Clearly, the parties had different inten­tions. And yet, that does not matter one whit. The contract said national standards, and that’s what it will mean to a judge (if the dispute goes that far).

As Alberta’s Court of Appeal recently said, “Counsel and writers sometimes beguilingly suggest that the court’s duty is in essence to discover the intent of the parties. Does this mean bypassing the words of a formal signed contract in favour of the parties’ compet­ing assertions years later, all encased and cooked in a pastry shell of the trial judge’s inferences and deductions? If so, it is wrong. The court is to interpret the words of the signed contract. Subjective intent is espe­cially irrelevant and doubly so if the written words are clear.”

Another misunderstanding is the idea that the parties have a duty to negotiate a contract in good faith. They don’t. (This is not to suggest that the parties can lie, cheat or steal when they make a contract—they can’t.) But sometimes one side fights harder and smarter, or is more stubborn and ornery, and thereby gets the better of the other.
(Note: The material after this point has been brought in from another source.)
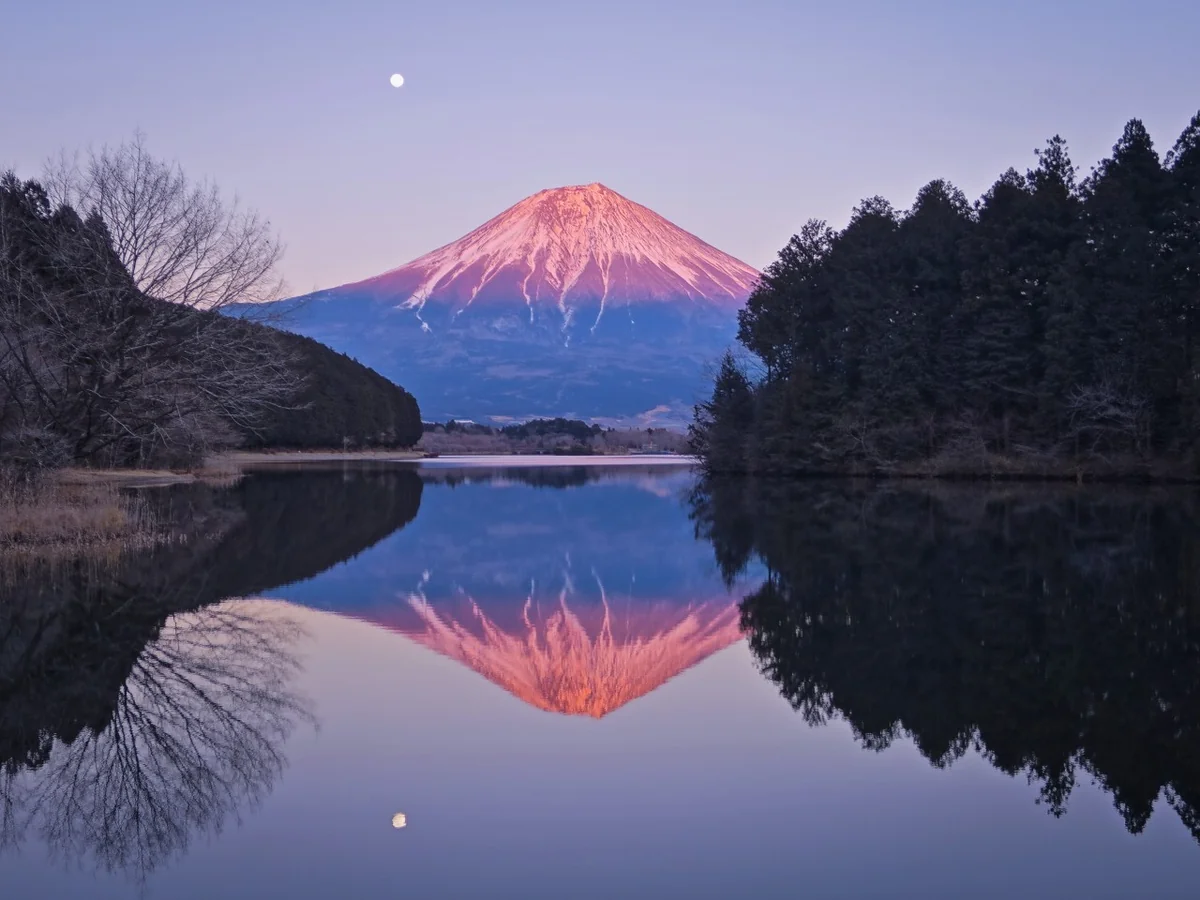 投稿写真：紅富士と小望月のリフレクション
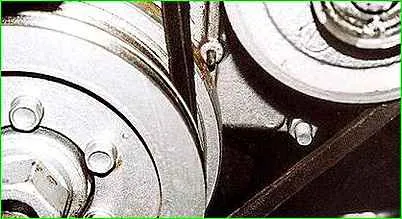 Einstellen des Zündzeitpunkts der ZMZ-402- und UMZ-4215-Motoren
When this happens, either the negotia­tions fail because the parties can’t reach a deal or the resulting bargain is lopsided. The loser then complains that the winner failed to be mindful of the other side’s interests and acted unfairly. The winner, it’s suggested, didn’t bargain in good faith.

Our courts have dearly and firmly rejected this idea. As the Supreme Court of Canada says, “No duty of care arises in conducting negotiations.”

Simply put, one side does not have to pro­tect the other, even from itself. Rather, hard bargaining is expected and even encouraged. After all, the whole purpose of bargaining is for each side to carve out the best deal it can—for itself. The contract then locks it in.

This leads to a further misconception: that contracts have to be fair. Sometimes a party to a contract discovers, after the fact, that it’s made a bad bargain. Maybe the deal was lousy to begin with. Or maybe the losing side miscalculated and has now just learned that it’s going to lose its shirt. Or maybe it all started out good but circum­stances have changed—prices went up, sup­plies went down, labour disappeared—and the deal has now turned sour.

When this happens, the aggrieved party sometimes complains that the contract isn’t fair and tries to escape. Or refuses to per­form, arguing that somehow the contract is now unfair, unconscionable and therefore unenforceable. The deal, the argument goes, is not the deal that was expected or intended.

Such arguments rarely succeed. Bad con­tracts are still contracts that bind the par­ties. The fact that one side gets more and the other side gets less does not weaken the contract. To quote the Provincial Court of Alberta: “People have a right to enter into bad contracts—it’s a free country.”